Une réalisation très cohérente et rigoureusement argumentée articule des témoignages de victimes d’agressions avec un exposé de professionnels. Ils détaillent avec une grande précision, une conviction, et souvent une jubilation aboutie, la théorie sexuelle qui guide leur pratique.
Ces médecins psychiatres, psychologues, ancien pédiatre ou psychanalystes engagés dans leurs publications sont considérés comme spécialistes de la relation humaine et de la santé mentale en France. Des auditions au Sénat les introduisent, dont celle de la parentalité, et la commission d’enquête de l’Assemblée nationale sur les abus sexuels perpétrés au sein de l’Eglise.
Cette légitimité du casting pourrait faire craindre des digressions et des développements redondants caractéristiques des discours psychanalytiques dans les congrès, mais non. Le montage nous coupe des habituelles reformulations au pouvoir parfois fascinant. La réalisatrice met en valeur les convictions professionnelles, qui se révèlent remarquablement calibrées et complémentaires.
La compréhension devient globale, synthétique et nette. Des arguments extérieurs, vérifiables, parfaitements sourcés sur nos réalités basiques et communes, accentuent l'irréalité. Un un malaise salutaire se forge rapidement. Il interroge non seulement l'idéologie orthodoxe, mais interpelle la capacité culturelle à construire toute interprépation de relation et du développement du nourrisson et de l'enfant à partir de "pulsions sexuelles".
Une démonstration implacable. Apparaissent au grand jour des empilements de contradictions, qu’ils soient d’ordre anatomiques, historique, culturels, éthiques. Toutes les caractéristiques révisionnistes sont là. Preuves à l’appui. Un non sens total appliqué aux «soins», à la «cure».
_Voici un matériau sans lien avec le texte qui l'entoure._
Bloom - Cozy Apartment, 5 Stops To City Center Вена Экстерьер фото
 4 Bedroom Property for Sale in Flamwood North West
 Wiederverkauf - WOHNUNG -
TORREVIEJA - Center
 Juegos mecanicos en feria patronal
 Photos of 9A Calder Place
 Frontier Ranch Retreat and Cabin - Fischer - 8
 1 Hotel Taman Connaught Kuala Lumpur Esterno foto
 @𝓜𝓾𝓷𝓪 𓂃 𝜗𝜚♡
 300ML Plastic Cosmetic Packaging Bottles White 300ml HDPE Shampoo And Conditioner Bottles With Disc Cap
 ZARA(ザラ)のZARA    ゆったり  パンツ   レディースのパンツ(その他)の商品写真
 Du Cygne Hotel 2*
Une jeune femme à la recherche d'aide pour son équilibre. Elle expérimente ces concepts appliqués à sa santé. Il lui faut puiser dans ses ultimes ressources pour résister au suicide: une professionnelle l’assure que son salut ne peut passer que par son cabinet, sans limitation de durée, payable en espèces y compris lors d’une absence, justifiée ou non. Double victime, double peine. Un engrenage aux caractéristiques sectaire.
Des victimes parlent de ce qu’elles ont vécu lors de ces pratiques. Leurs témoignages sont édifiants, et se posent totalement en adéquation avec les exposés sur la théorie sexuelle.
Sexisme, négation de la femme, culture de la culpabilité par nature, pouvoir de créations de maladies par la pensée inconsciente, minimisation des perversions, valorisation de l’inceste, justifications toujours «symboliques», y compris celle de la pédophilie.
Ces professionnels d’obédience psychanalytique s’investissent dans la diffusion et l’enseignement universitaire, dispensent les fondamentaux de la psychologie, y compris dans des associations de formations des travailleurs sociaux et paramédicaux. Elles forment des experts judiciaires.
Alors, bien entendu, ce documentaire dérange. Mais il ne dérange pas les victimes.